At some point during the evening, various of the partygoers were involved in an altercation with individuals attending an event at a house across the street. (Docket ## 62-1 at ¶ 5; 65-11 at ¶ ¶ 5-8). Plaintiffs contend that the altercation was a " verbal, nonviolent argument" involving approximately ten people from the party at 317 East Miller Street. (Docket # 65-11 at ¶ ¶ 5-6). According to plaintiffs, Joseph Piper was helpful in defusing the argument, and the incident concluded before the police officers arrived. ( Id. at ¶ ¶ 7-8, 10). Plaintiffs allege that the police arrived without lights or sirens activated and, at the time of their arrival, no dispute was occurring inside or outside of 317 East Miller Street. ( Id. at ¶ ¶ 9-11).
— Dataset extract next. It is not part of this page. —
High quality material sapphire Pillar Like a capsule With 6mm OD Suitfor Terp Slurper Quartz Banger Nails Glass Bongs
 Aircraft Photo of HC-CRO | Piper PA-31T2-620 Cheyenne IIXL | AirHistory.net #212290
According to defendants, the altercation in the street was a " heated confrontation" involving approximately twenty to thirty individuals. (Docket # 62-1 at ¶ 5). Defendants contend that witnesses described the scene as " chaotic" and " frenzied" and identified Joseph Piper as an " instigating figure" in the altercation. ( Id. at ¶ ¶ 15-18). When the officers arrived on the scene, many of the individuals who had been outside went inside 317 East Miller Street. ( Id. at ¶ 6).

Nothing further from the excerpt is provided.